Komisi Pemberantasan Korupsi (KPK) tengah mendalami dugaan aliran dana yang melibatkan Gubernur Riau nonaktif, Abdul Wahid. Dalam upaya melengkapi berkas perkara tersangka Marjani, yang merupakan ajudan Abdul Wahid, penyidik KPK menjadwalkan pemeriksaan terhadap Novan Alyendo, ajudan Pangdam XIX Tuanku Tambusai.
Pemeriksaan terhadap Novan dianggap krusial untuk mengungkap alur transaksi keuangan yang melibatkan pihak-pihak dalam lingkaran kekuasaan di Riau. Meskipun telah dipanggil pada Kamis, 2 Juli 2026, Novan berhalangan hadir karena adanya agenda kedinasan lain.
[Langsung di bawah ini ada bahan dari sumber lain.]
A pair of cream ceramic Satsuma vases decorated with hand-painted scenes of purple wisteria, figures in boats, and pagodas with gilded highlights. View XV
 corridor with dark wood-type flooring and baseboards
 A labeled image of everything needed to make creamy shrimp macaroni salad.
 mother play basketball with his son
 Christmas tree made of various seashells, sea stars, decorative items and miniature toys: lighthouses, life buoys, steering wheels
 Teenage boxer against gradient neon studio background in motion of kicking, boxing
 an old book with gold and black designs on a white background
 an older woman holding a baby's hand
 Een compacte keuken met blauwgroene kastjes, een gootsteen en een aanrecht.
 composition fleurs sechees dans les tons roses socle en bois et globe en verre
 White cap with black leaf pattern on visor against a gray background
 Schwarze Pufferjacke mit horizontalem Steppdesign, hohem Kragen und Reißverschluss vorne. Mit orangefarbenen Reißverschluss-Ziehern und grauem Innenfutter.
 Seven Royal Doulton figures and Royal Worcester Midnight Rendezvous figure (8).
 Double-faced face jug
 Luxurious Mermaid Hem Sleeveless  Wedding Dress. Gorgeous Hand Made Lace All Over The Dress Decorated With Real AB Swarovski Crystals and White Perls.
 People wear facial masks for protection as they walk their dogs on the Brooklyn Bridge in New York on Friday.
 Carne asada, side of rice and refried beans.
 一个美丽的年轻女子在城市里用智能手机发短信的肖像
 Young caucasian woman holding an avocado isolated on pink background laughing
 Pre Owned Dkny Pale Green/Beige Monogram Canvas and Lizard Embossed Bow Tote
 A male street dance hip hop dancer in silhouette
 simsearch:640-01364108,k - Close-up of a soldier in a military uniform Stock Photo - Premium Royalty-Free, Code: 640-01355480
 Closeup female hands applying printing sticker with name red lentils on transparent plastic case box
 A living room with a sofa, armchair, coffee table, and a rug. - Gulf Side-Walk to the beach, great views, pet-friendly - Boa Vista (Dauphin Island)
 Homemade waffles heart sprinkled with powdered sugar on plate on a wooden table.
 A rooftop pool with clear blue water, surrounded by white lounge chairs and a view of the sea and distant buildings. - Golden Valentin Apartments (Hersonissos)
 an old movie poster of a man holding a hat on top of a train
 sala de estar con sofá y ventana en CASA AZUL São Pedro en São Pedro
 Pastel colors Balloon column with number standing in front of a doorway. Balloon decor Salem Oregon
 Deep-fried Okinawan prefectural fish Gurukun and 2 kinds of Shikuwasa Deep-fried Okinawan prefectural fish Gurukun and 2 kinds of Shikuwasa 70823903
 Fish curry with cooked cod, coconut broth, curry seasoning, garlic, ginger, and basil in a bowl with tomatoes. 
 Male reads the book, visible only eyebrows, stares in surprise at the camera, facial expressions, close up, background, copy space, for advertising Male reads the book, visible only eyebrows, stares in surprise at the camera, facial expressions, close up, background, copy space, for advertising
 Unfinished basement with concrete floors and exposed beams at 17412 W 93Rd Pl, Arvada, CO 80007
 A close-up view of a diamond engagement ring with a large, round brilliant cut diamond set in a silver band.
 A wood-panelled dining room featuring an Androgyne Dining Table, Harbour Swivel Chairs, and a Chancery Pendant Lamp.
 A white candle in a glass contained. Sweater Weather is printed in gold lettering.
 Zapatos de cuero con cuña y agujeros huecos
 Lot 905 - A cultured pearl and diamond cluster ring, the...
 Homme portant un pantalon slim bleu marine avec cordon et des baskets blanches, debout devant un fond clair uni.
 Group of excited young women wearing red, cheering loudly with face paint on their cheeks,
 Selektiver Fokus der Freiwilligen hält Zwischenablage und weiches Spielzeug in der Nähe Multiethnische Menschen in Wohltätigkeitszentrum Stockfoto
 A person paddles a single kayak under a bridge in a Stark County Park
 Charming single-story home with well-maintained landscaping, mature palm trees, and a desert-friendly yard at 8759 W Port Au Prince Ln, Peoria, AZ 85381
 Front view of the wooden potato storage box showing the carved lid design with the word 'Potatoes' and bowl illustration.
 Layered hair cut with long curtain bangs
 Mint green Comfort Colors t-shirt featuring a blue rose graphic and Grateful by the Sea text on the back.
Pihak penyidik KPK memastikan akan melakukan penjadwalan ulang dalam waktu dekat.
Pelaksana Tugas Direktur Penyidikan KPK, Achmad Taufik Husein, mengonfirmasi bahwa keterangan Novan diperlukan untuk memperkuat bukti terkait dugaan pemberian uang dari Abdul Wahid melalui ajudan Pangdam. Taufik menegaskan bahwa proses hukum akan terus berjalan dan publik dapat memantau perkembangan fakta-fakta yang terungkap di persidangan.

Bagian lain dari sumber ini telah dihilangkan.